Furthermore, it’s also a preparation for a solution you have to use again in the game’s penultimate boss-battle with Screaming Mantis in the game’s Outer Haven finale, a sequence that’s entertaining for how it ties together the fourth-wall breaking attitude of MGS1‘s Psycho Mantis and the spiritual-consequences aspect of MGS3‘s The Sorrow. When you factor in the Vamp-trick as another thinking-your-way-out-of-the-enemy’s-reach gesture, and learn the boss’s true weakpoint, the Screaming Mantis battle winds up having equal amounts of resonance, challenge and demand.

If this were the last boss-battle in the game, it would be satisfying as far as gameplay goes, but certainly not in terms of the narrative. Obviously, if Liquid Ocelot is the evil mastermind in this particular save-the-world story, the last person you fight has to be Liquid Ocelot, and he is. The problem is, you fight him twice in the game, once at the end of Shadow Moses, and again at the end of Outer Haven, and awkwardly, the first time you fight him is much more fun than the second time. Part of this is just the way that the MGS series has always worked, structurally– at the end of every game, you fight a Metal Gear, then you fight the evil mastermind one-on-one, and with few exceptions, the fight with Metal Gear is usually the more fun encounter of the two. MGS4 is no different, as in Shadow Moses you fight Liquid Ocelot while he pilots Metal Gear RAY, while in Outer Haven you faceoff in a fist-fight, and it’s pretty much a no brainer as to which one is going to be more viscerally enjoyable to experience. Thing is, Kojima makes the contrast even more apparent with exactly how he stages the Shadow Moses fight, and does so in a way that both provides ample amounts of series-wide echoes and reprisals, nostalgia and fanservice, not to mention good-old-fashioned Saturday Morning appeal–

When you fight Liquid Ocelot in Shadow Moses, Snake is piloting Metal Gear REX. Just as everybody saw in the trailers, it’s a Metal Gear vs. Metal Gear fight, and it’s the sort of thing that pretty much reduces my personality to the mindset of a very-excited ten year old boy. The only other things that were able to do that for me were the Star Wars prequels, the trailer for the new X-Files movie and the news of Barack Obama clinching the Democratic nomination (I was pretty weird as a ten-year old).
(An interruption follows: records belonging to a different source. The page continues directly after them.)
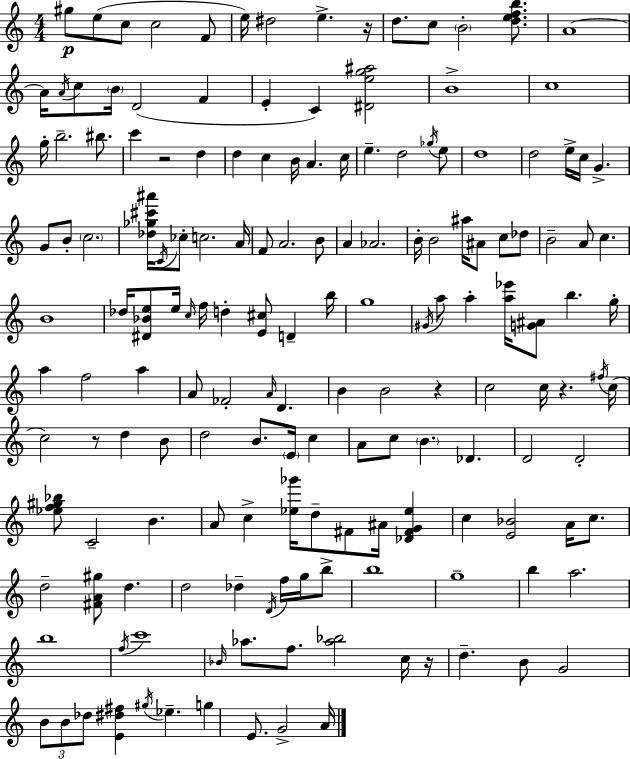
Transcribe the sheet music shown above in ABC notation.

X:1
T:Untitled
M:4/4
L:1/4
K:C
^g/2 e/2 c/2 c2 F/2 e/4 ^d2 e z/4 d/2 c/2 B2 [defb]/2 A4 A/4 A/4 c/2 B/4 D2 F E C [^Deg^a]2 B4 c4 g/4 b2 ^b/2 c' z2 d d c B/4 A c/4 e d2 _g/4 e/2 d4 d2 e/4 c/4 G G/2 B/2 c2 [_d_g^c'^a']/4 C/4 _c/2 c2 A/4 F/2 A2 B/2 A _A2 B/4 B2 ^a/4 ^A/2 c/2 _d/2 B2 A/2 c B4 _d/4 [^D_Be]/2 e/4 c/4 f/4 d [E^c]/2 D b/4 g4 ^G/4 a/2 a [a_e']/4 [G^A]/2 b g/4 a f2 a A/2 _F2 A/4 D B B2 z c2 c/4 z ^f/4 c/4 c2 z/2 d B/2 d2 B/2 E/4 c A/2 c/2 B _D D2 D2 [_ef^g_b]/2 C2 B A/2 c [_e_g']/4 d/2 ^F/2 ^A/4 [_D^FG_e] c [E_B]2 A/4 c/2 d2 [^FA^g]/2 d d2 _d D/4 f/4 g/4 b/2 b4 g4 b a2 b4 f/4 c'4 _B/4 _a/2 f/2 [_a_b]2 c/4 z/4 d B/2 G2 B/2 B/2 _d/2 [E^d^f] ^g/4 _e g E/2 G2 A/4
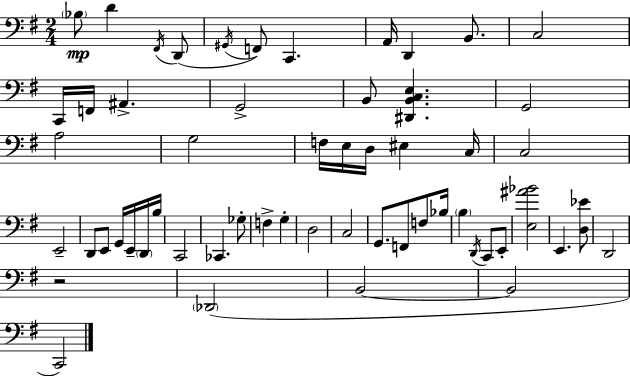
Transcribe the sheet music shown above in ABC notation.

X:1
T:Untitled
M:2/4
L:1/4
K:G
_B,/2 D ^F,,/4 D,,/2 ^G,,/4 F,,/2 C,, A,,/4 D,, B,,/2 C,2 C,,/4 F,,/4 ^A,, G,,2 B,,/2 [^D,,B,,C,E,] G,,2 A,2 G,2 F,/4 E,/4 D,/4 ^E, C,/4 C,2 E,,2 D,,/2 E,,/2 G,,/4 E,,/4 D,,/4 B,/4 C,,2 _C,, _G,/2 F, G, D,2 C,2 G,,/2 F,,/2 F,/2 _B,/4 B, D,,/4 C,,/2 E,,/2 [E,^A_B]2 E,, [D,_E]/2 D,,2 z2 _D,,2 B,,2 B,,2 C,,2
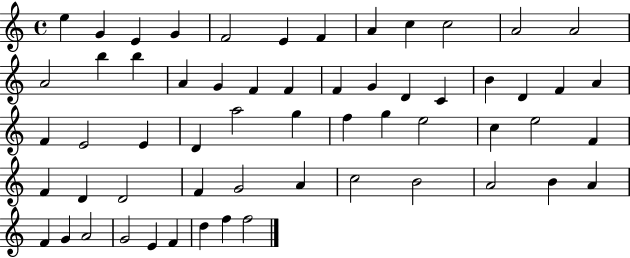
E5/q G4/q E4/q G4/q F4/h E4/q F4/q A4/q C5/q C5/h A4/h A4/h A4/h B5/q B5/q A4/q G4/q F4/q F4/q F4/q G4/q D4/q C4/q B4/q D4/q F4/q A4/q F4/q E4/h E4/q D4/q A5/h G5/q F5/q G5/q E5/h C5/q E5/h F4/q F4/q D4/q D4/h F4/q G4/h A4/q C5/h B4/h A4/h B4/q A4/q F4/q G4/q A4/h G4/h E4/q F4/q D5/q F5/q F5/h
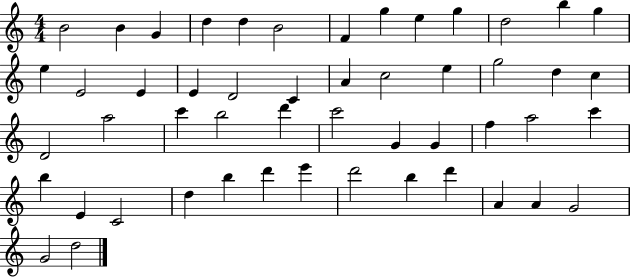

I can’t say enough just how much I enjoy the REX vs. RAY battle, even though it marked a shift in direction for the way Kojima’s design worked. Aside from being able to take first-person and fire machine guns, combat in the sequence is pretty much dictated by kicking with the legs, which the game’s controls center around the MGS standard of punch-punch-kick combos. That part’s fine, because you’re used to that in the series already, but afterwards, you can do additional damage by following a Resident Evil 4 style timed button-press event, which allows you to do the really cool things like fire lasers, or rockets. Now, it’s really weird for such a different mechanic to be employed in the middle of a series that has never really used button-press events, but it’s excusable because you’re playing in a vehicle you’ve never played in during the other games, and right before the battle you’re given a short sequence of running through corridors and battling Gekko, which basically allows you to get used to the new control scheme.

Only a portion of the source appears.